Last week saw the Government announcing that its promised sanitary and phytosanitary (SPS) agreement with the EU would not happen until 2027.
Ministers including Daniel Zeichner and Gareth Thomas visited businesses across the UK to discuss SPS in more detail. Among these meetings was a Q&A session between The Spectator’s editor – former Tory minister Michael Gove – and the paymaster general Nick Thomas-Symonds on the UK’s future relationship with the European Union.
Charles Baughan, the founder and managing director of meat producer Westaway Sausages, was among the attendees at The Spectator’s event last Wednesday (27 August).
Extortionate fees on exporters
Speaking with Food Manufacture on Friday, Baughan said that the meeting gave him the opportunity to air his thoughts and feelings as an SME around the impact Brexit and subsequent trading changes have had on his business and others.
He estimates that since Brexit, red tape has seen him paying, per shipment, an excess of £500.
Further to this, Baughan – who also represents Taste of the West, an independent regional food group which promotes local food and drink from South West England – spoke of horror stories he’s heard related to consignment issues which have added further financial burden to businesses.
Such problems have resulted in impounded and subsequently destroyed products, with the businesses charged for it. For an SME with wafer thin margins, that kind of hit can be disastrous.
“It’s a risk that not many owners will want to take,” Baughan added.
And Defra’s own data has shown the disproportionate impact on smaller businesses, highlighting that red tape “has created a competitive disadvantage between smaller firms and larger operators”.
As Nick Thomas-Symonds pointed out in his speech: “Exports down by nearly 20% since 2019…
“…and since 2021 over 16,000 businesses have stopped exporting to the EU entirely.
“Behind every number and statistic is a British business, a British entrepreneur, a British start-up. Paying the price.”

He flagged the excessive costs agrifood businesses are facing to export, naming numbers including £200 for an export health certificate, £149 for SPS checks per shipment, up to £1,400 per shipment if you’re selected for sampling.
“Companies big and small are crying out for change.

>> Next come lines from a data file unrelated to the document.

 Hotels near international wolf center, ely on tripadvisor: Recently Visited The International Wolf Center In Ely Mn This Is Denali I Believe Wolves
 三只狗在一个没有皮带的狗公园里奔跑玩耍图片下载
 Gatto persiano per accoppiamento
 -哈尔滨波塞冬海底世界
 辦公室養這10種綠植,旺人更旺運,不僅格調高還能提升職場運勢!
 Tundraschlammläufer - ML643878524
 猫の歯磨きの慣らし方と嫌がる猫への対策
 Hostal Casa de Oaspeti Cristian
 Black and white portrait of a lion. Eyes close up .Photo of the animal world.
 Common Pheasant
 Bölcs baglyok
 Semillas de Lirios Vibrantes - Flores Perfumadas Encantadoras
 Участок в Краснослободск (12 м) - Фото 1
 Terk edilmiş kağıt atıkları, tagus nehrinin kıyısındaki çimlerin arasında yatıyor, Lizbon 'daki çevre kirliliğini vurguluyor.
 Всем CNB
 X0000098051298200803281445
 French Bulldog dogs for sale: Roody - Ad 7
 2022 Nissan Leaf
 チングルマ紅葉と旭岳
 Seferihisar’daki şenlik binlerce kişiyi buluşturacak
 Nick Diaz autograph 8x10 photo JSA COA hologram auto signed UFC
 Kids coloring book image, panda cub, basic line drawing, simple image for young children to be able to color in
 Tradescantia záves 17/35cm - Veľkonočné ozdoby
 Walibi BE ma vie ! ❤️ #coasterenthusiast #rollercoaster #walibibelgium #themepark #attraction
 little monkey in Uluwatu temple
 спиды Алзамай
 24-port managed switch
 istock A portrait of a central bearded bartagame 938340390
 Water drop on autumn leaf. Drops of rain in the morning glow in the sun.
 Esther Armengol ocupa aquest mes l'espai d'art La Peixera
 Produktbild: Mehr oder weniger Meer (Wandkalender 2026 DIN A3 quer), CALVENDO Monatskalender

For practical help to bring down bills so they make goods cheaper for the public,” the EU relations minister added.
Baughan said that he “was really heartened by the way the minister [Thomas-Symonds] articulated, very clearly, how bad it was for SMEs at the moment” and felt “reassured”.
“It was almost like I’d written it [his speech] and I thought ‘wow that’s brilliant’,” he added.
A ‘disappointing’ outcome
But the reassurance was short-lived after Baughan heard the SPS agreement which promises to fix all these woes isn’t going to happen until 2027.
When the original announcement of an SPS deal emerged in May, Baughan had pressed his contacts in Defra and other export departments as to when the agreement would come into effect.
“They said it’s probably going to be months,” he recalled – but Baughan didn’t expect 18 months.
“I do find it quite disappointing,” he continued.
“I asked them {government) ‘what’s the issue?’ And they said, ‘well, it’s complicated’. My personal view is that the government is actually trying to push through a wide range of trade agreements on a number of different things.”
He explained that the sheer number of issues that the government is trying to reach an agreement on means that the SPS agreement – which he believes is ready to go – has been shelved.
“The UK has made it very clear that they really want to prevent the import of foie gras into the UK. It might well be that we have to actually say, ‘look, we’ll argue about foie gras at a later stage’ – but really, we don’t want to hold up an SPS agreement which has been agreed in outline already.
“It’s our livelihoods, our mortgages on the line. It is not easy to set up a business in food and drink in the UK, let alone scale it up and then make a success of it.
“It doesn’t seem that the government is quite so focused in getting a deal across the line as somebody whose livelihood depends upon it.”
In the interim, the government has announced interim relief, halting checks on some products but Baughan isn’t impressed, saying they are “just scratching the surface of what is possible”.
Baughan added that he is worried the longer we wait, the more difficult it will be to settle on an agreement.
Commenting on concerns aired around the delay, Thomas, who is the minister for small businesses and exports, told Food Manufacture: “We obviously want to get the deal over the line as quickly as we can. Inevitably, when you’re putting together any sort of trade deal, you have to go through the detail, and that’s what we will now do.”
A government spokesperson for Defra added: “Following the UK-EU Summit we will be finalising the details of our SPS agreement, which will make trade with our biggest market cheaper and easier.
“The UK and EU are moving at pace but this is an ambitious agreement and it’s important that we get the detail right.”
We have been promised more detailed negotiations in the autumn, once the EU has confirmed their negotiating mandate, with an to conclude negotiations and have legislative arrangements in place no later than 2027.